• _Task item_: Nothing but the lines below from the one that contains "necklace 15mm bubble" through the one that contains "BEEOS body wave" should be retyped, exactly and including both ends. Do not include pictures.

------------------------------------------------------------

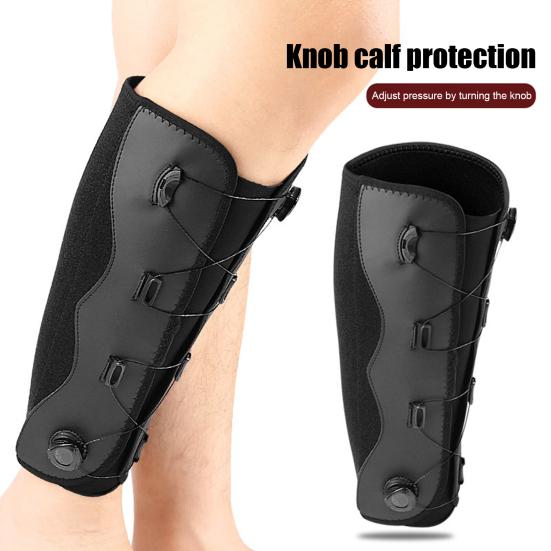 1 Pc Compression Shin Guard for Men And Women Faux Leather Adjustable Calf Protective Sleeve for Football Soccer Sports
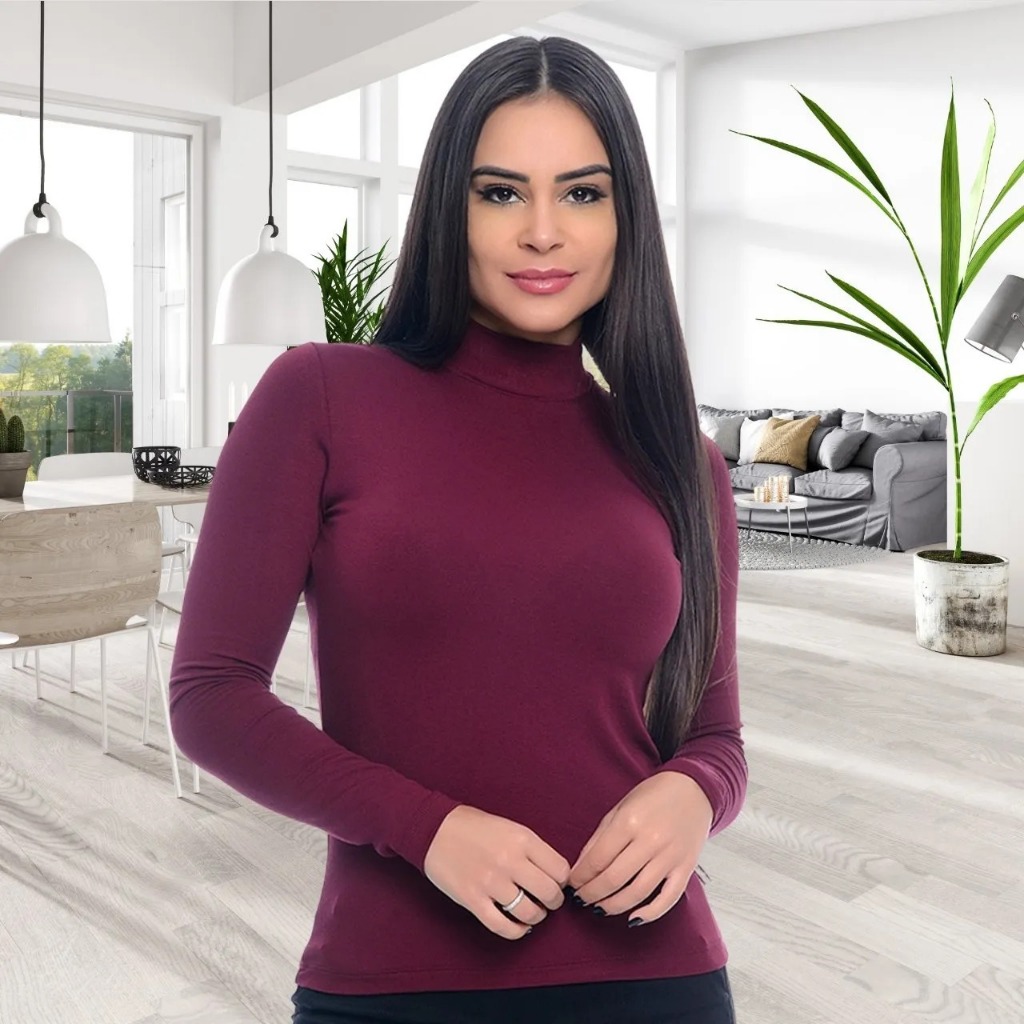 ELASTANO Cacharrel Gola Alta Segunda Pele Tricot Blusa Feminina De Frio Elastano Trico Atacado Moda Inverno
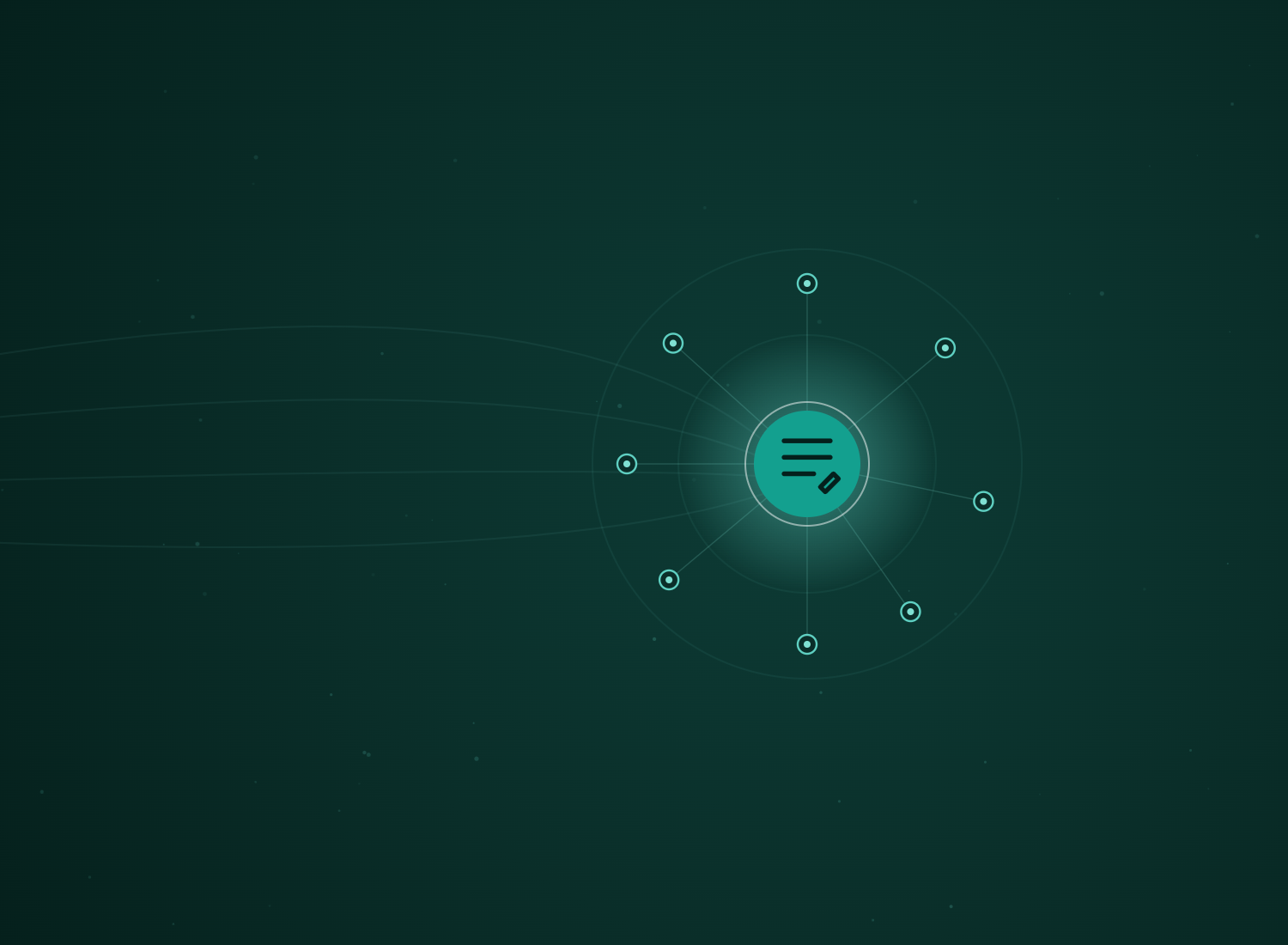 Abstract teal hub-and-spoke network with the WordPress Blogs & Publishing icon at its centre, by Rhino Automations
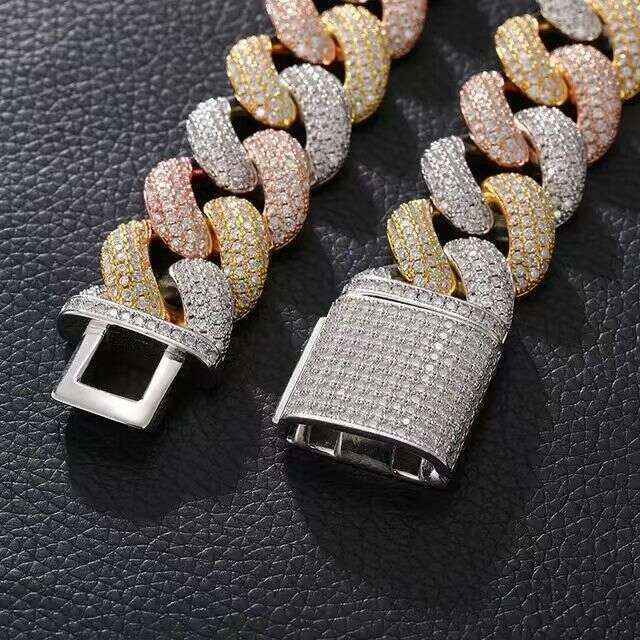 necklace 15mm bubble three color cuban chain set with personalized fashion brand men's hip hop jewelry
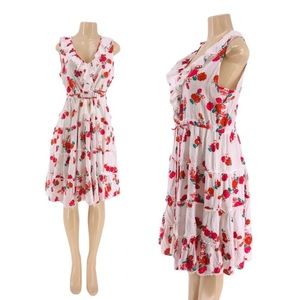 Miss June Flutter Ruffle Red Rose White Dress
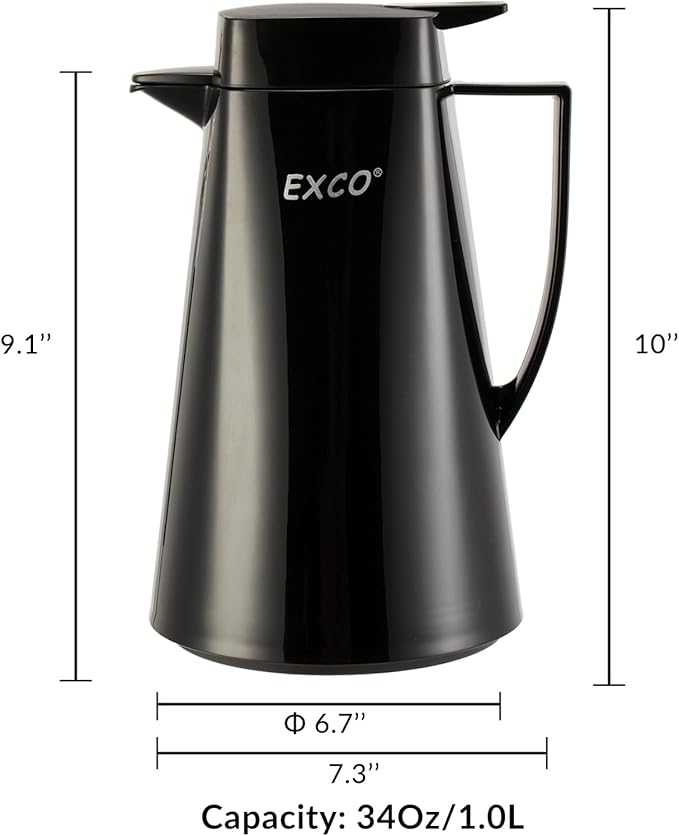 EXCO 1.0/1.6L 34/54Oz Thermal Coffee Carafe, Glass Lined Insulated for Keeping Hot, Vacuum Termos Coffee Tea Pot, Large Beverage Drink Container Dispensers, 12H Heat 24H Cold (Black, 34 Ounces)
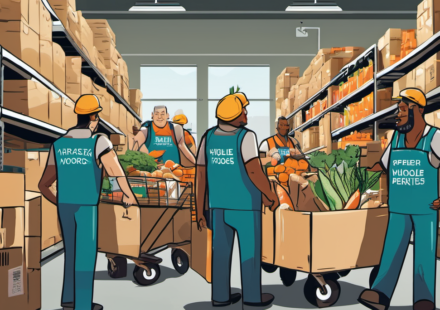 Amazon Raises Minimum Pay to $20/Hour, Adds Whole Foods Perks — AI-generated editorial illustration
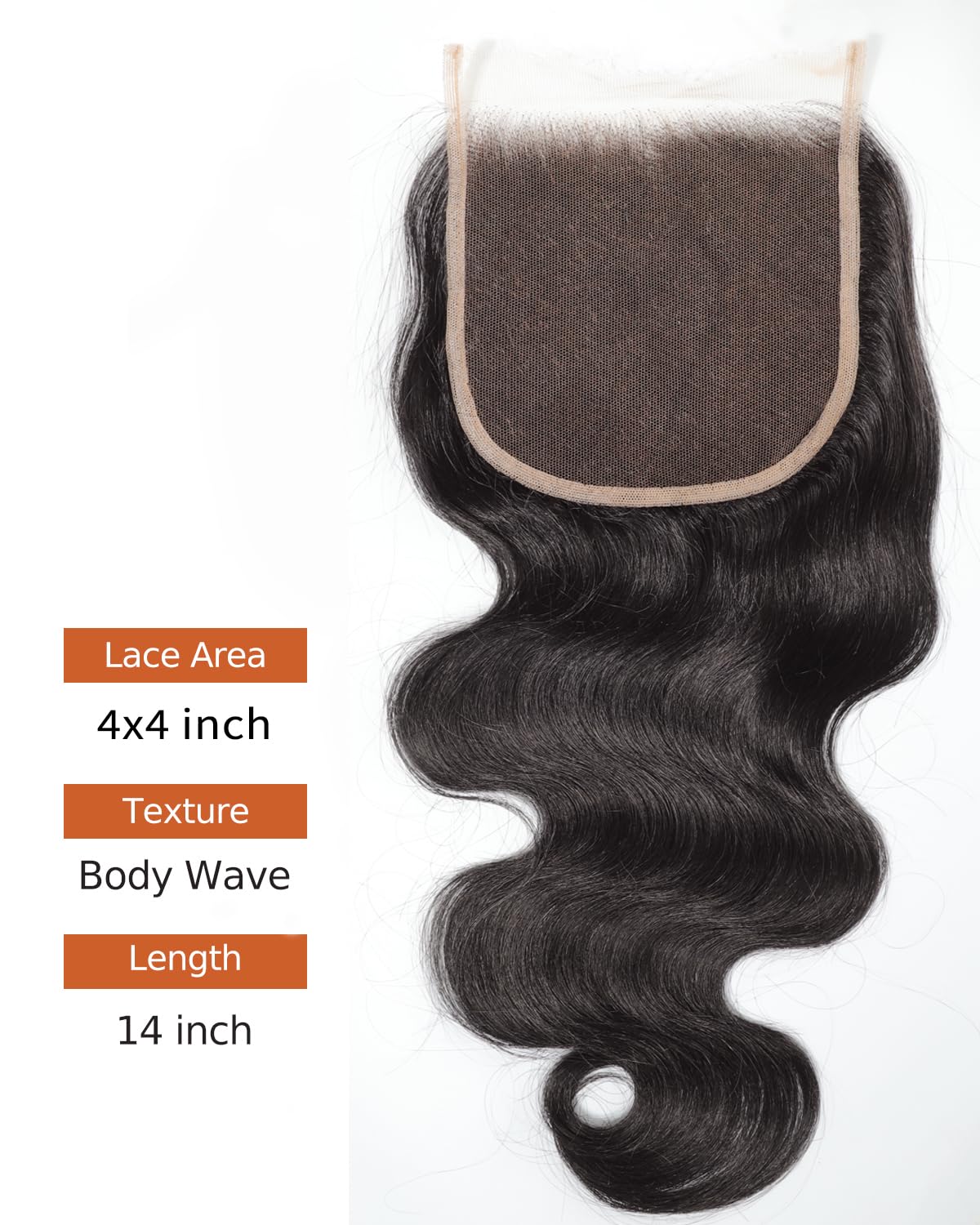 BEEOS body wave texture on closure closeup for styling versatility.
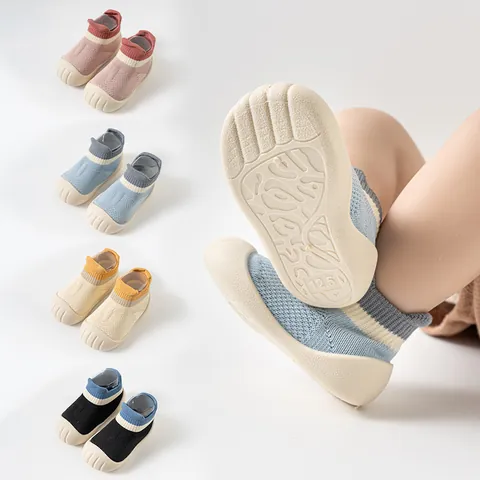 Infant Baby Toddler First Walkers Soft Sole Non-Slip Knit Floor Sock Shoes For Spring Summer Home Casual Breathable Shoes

------------------------------------------------------------

• _Final answer_:
 necklace 15mm bubble three color cuban chain set with personalized fashion brand men's hip hop jewelry
 Miss June Flutter Ruffle Red Rose White Dress
 EXCO 1.0/1.6L 34/54Oz Thermal Coffee Carafe, Glass Lined Insulated for Keeping Hot, Vacuum Termos Coffee Tea Pot, Large Beverage Drink Container Dispensers, 12H Heat 24H Cold (Black, 34 Ounces)
 Amazon Raises Minimum Pay to $20/Hour, Adds Whole Foods Perks — AI-generated editorial illustration
 BEEOS body wave texture on closure closeup for styling versatility.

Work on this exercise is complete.